In 2013, I was starting my graduate studies at UCLA, and the City of Los Angeles launched one of the most ambitious urban planning initiatives in modern history - re:code LA. The goal was clear and desperately needed. Los Angeles was operating on a bloated, Frankensteined zoning code originally written in 1946. It had thousands of pages of overlays, conditions, and contradictory amendments. It was a bureaucratic nightmare that choked housing production and confused everyone but the most expensive land-use lawyers.
The promise of re:code LA was a complete, citywide rewrite. A modern, simplified code for the 21st century.
Everyone in our MURP program was rooting for it. A professor of ours was even involved in the effort. Fast forward more than a decade. What happened to re:code LA? After tens of thousands of man-hours, countless public hearings, and millions of dollars, the city finally adopted the "New Zoning Code" (Chapter 1A) in late 2024 and early 2025.
Here's the catch: It only applies to a fraction of the city.
The new code is being rolled out piecemeal, community plan area by community plan area. Downtown LA has it. A few other neighborhoods are close. But for the vast majority of Los Angeles, the old, broken 1946 code is still the law of the land. The result is we now have two separate, complicated zoning systems operating simultaneously. Depending on which side of a street a property is on, a developer or homeowner might be dealing with completely different rulebooks.
The process didn't fail because of bad intentions; it failed because the method is obsolete. You cannot manually rewrite code for a metropolis of 4 million people fast enough to keep up with the modern world. The analog approach is too slow, too political, and too expensive for the urgency of our housing crisis. We cannot wait another 20 years for the rest of the city to catch up. This is one of the reasons I founded Civic Decode. We looked at the intractable mess of old codes, new codes, and overlapping overlays and realized something: We don't need to rewrite the code. We just need to understand it.
At Civic Decode, our Zoning Decoder is doing an end run around the decade-long manual rewrite process.

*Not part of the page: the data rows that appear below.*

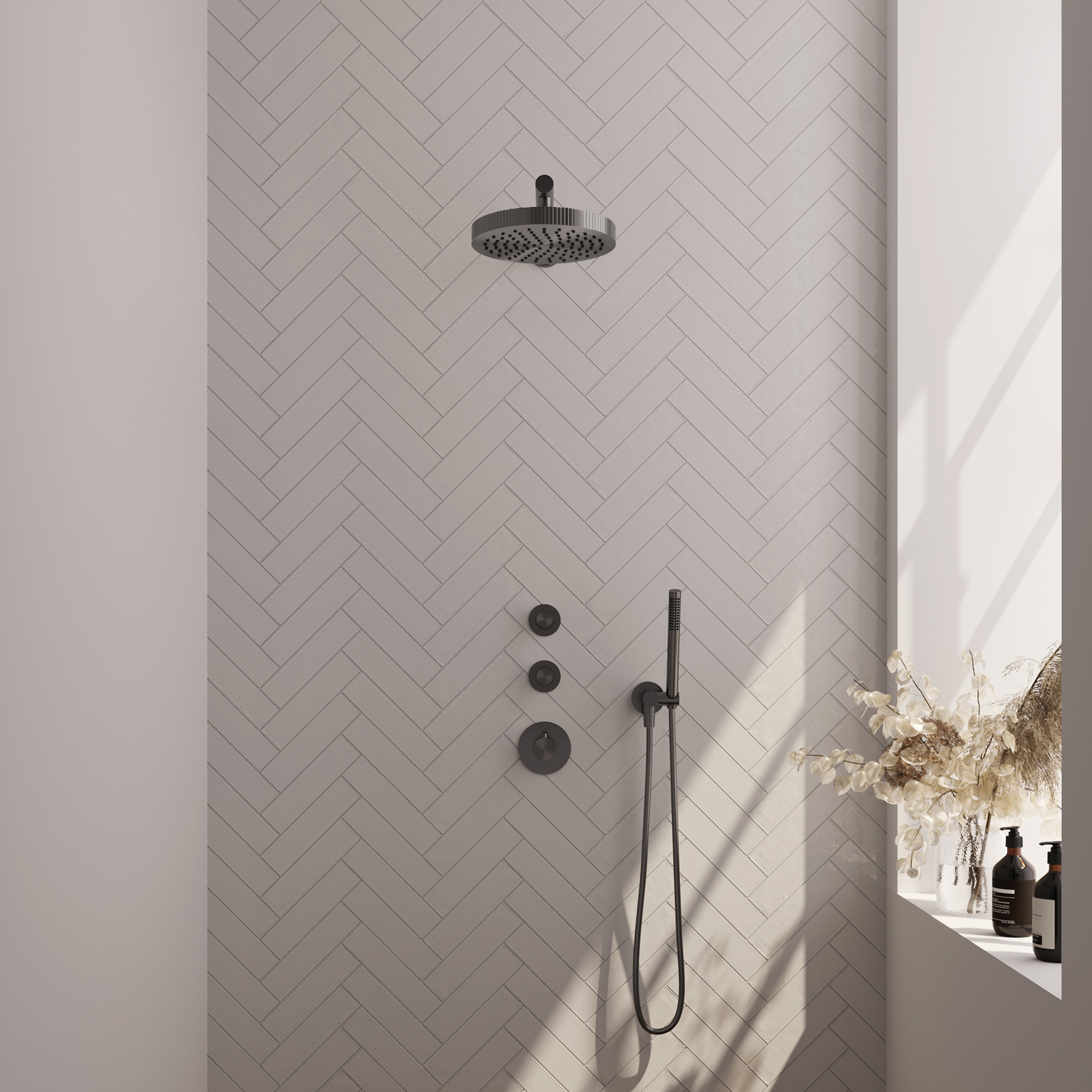 Brauer Stripe thermostatische inbouw regendouche SET 01 met 25 cm douchekop en rechte muurarm en staaf handdouche en doucheslang en wandaansluitbocht gunmetal geborsteld PVD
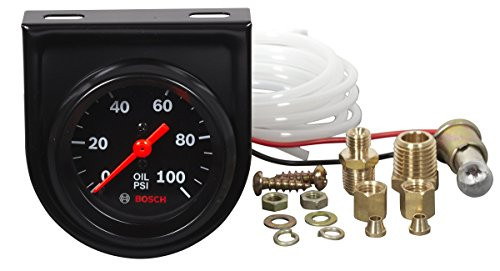 Bosch SP0F000052 Style Line 2 Mechanical Oil Pressure Gauge Black Dial Face Black Bezel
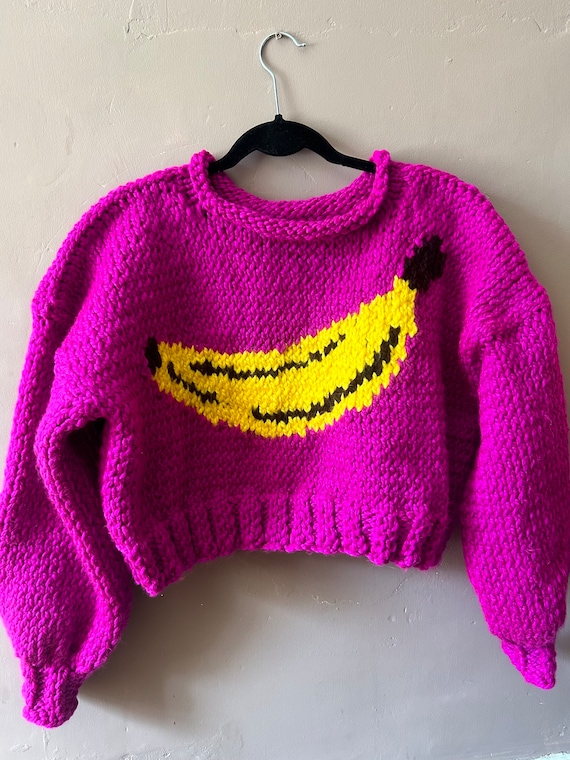 Chunky Knit Cropped Banana Jumper – Big Comfy Statement Sweater - Etsy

Our AI doesn’t care if a zoning ordinance was written in 1946 on a typewriter or in 2025 on a cloud server. It doesn't get tired reading thousands of pages of dense legal text. It simply ingests the entire chaotic corpus of regulations—the old code and the new—and decodes it into simple, actionable answers for any property instantly. While the traditional process spent twelve years trying to simplify the text, we spent twelve months building a machine that makes the complexity irrelevant to the end user.
The lesson of re:code LA isn't that zoning is unfixable. It's that we need better tools to fix it. The era of the manual rewrite is over. The era of the zoning decoder has begun.